From: devel(dot)brain99(at)xoxy(dot)net
To: pgsql-performance(at)postgresql(dot)org
Subject: Random slow queries
Date: 2016-06-29 01:24:14
Message-ID: CACjsgDm+n0s=5cMwGF7nRMXS8fX6CF9t1HsOr_M2iejpxKgS1A@mail.gmail.com
Views: Raw Message | Whole Thread | Download mbox | Resend email
Thread:
Lists: pgsql-performance

Hi,

I have a weird slow query issue I can't seem to find the cause of, so I'm
hoping someone here can shed some light on this.

Context:
I have an application which (among other things) implements a sort of job
queue using postgres for persistence. While I know a RDBMS is not necessarily
the most ideal tool for this, there are some constraints and requirements
which make including a messaging/queueing middleware less than trivial.
To reduce locking issues we make use of advisory locks and CTE queries to
select jobs from the queue (inspired by
https://github.com/chanks/que/blob/master/lib/que/sql.rb) as well as some
explicit or optimistic locking during job processing. As the volume of jobs
to process isn't extremely high, performance seems very good - except for the
issue I'm describing below.

The problem:
Most queries execute fast, however sometimes queries on the job table (which
contains the job queue) take exactly 122 seconds (+ 0-50ms) to execute for no
clear reason. I have set log_min_duration_statement to 200ms, and the only
queries that are logged are the 2-minute queries. I have also enabled
log_lock_waits, but no lock waits are logged. Whereas extremely high
performance is not to be expected, a query taking two minutes is way too
much - especially seeing as other concurrent queries seem to be completing
perfectly on time.
As a reference, in a time span of less than 4 minutes the application
processes a test load of 2000+ jobs going through 3 stages in the job
processing 'pipeline' - each stage using the CTE query to pick up a job.
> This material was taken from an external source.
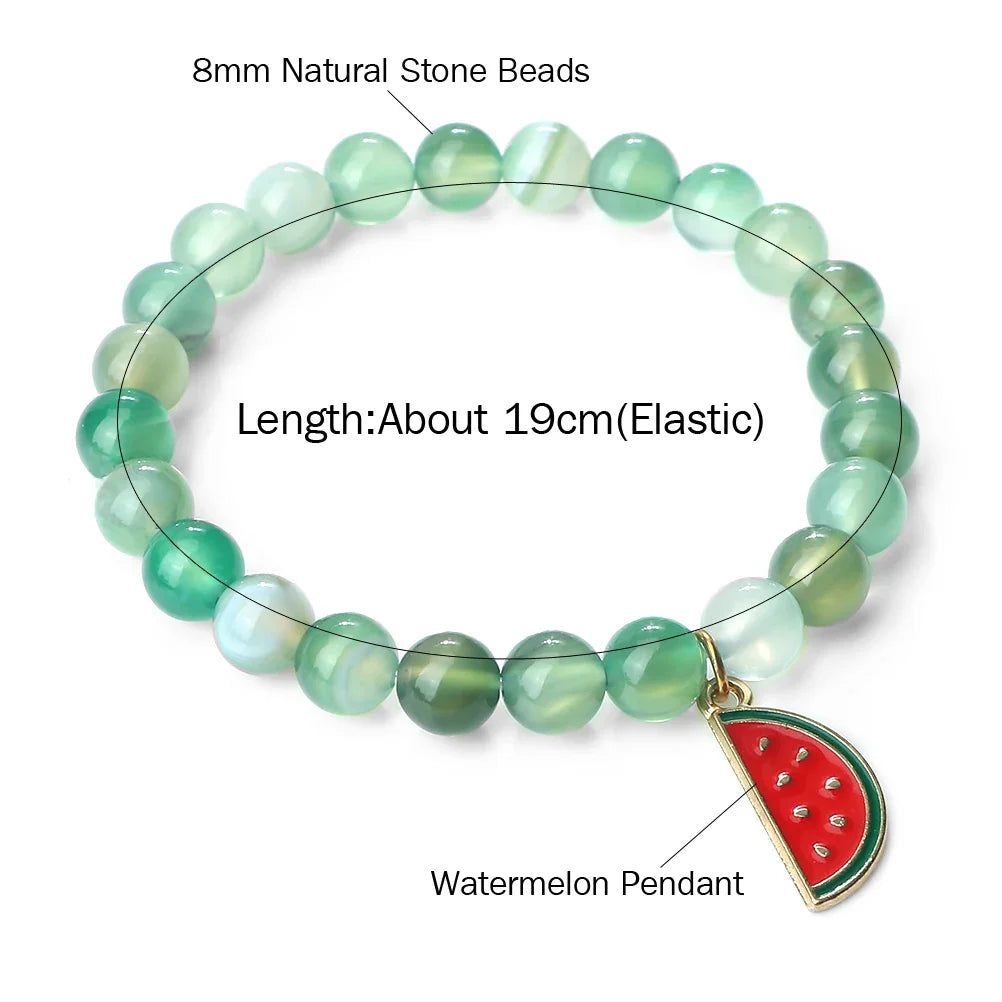 Bracelet Palestine Pastèque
So
that's 6000+ executions of the CTE + several 1000 executions of other queries,
of which only a few (usually 1-5 per test run) inexplicably take two minutes
to complete. The offending queries seem to be quite random: SELECT ... FOR
UPDATE queries, CTE queries, and sometimes even regular SELECTs querying our
job table take inexplicably long.

PostgreSQL version:
PostgreSQL 9.3.4, compiled by Visual C++ build 1600, 64-bit

How PostgreSQL was installed: through GUI installer from EnterpriseDB

Changes made to the settings in the postgresql.conf file:
name | current_setting | source
-----------------------------+----------------------+----------------------
application_name | psql | client
client_encoding | WIN1252 | client
DateStyle | ISO, DMY | configuration file
default_text_search_config | pg_catalog.english | configuration file
lc_messages | English_Ireland.1252 | configuration file
lc_monetary | English_Ireland.1252 | configuration file
lc_numeric | English_Ireland.1252 | configuration file
lc_time | English_Ireland.1252 | configuration file
listen_addresses | * | configuration file
log_autovacuum_min_duration | 100ms | configuration file
log_destination | stderr | configuration file
log_line_prefix | %m | configuration file
log_lock_waits | on | configuration file
log_min_duration_statement | 200ms | configuration file
log_timezone | Europe/Brussels | configuration file
logging_collector | on | configuration file
max_connections | 100 | configuration file
max_stack_depth | 2MB | environment variable
port | 5432 | configuration file
shared_buffers | 128MB | configuration file
tcp_keepalives_count | 0 | configuration file
tcp_keepalives_idle | 30 | configuration file
tcp_keepalives_interval | 30 | configuration file
TimeZone | Europe/Brussels | configuration file

Operating system and version: Windows 8.1 64bit (version 6.3 build 9600)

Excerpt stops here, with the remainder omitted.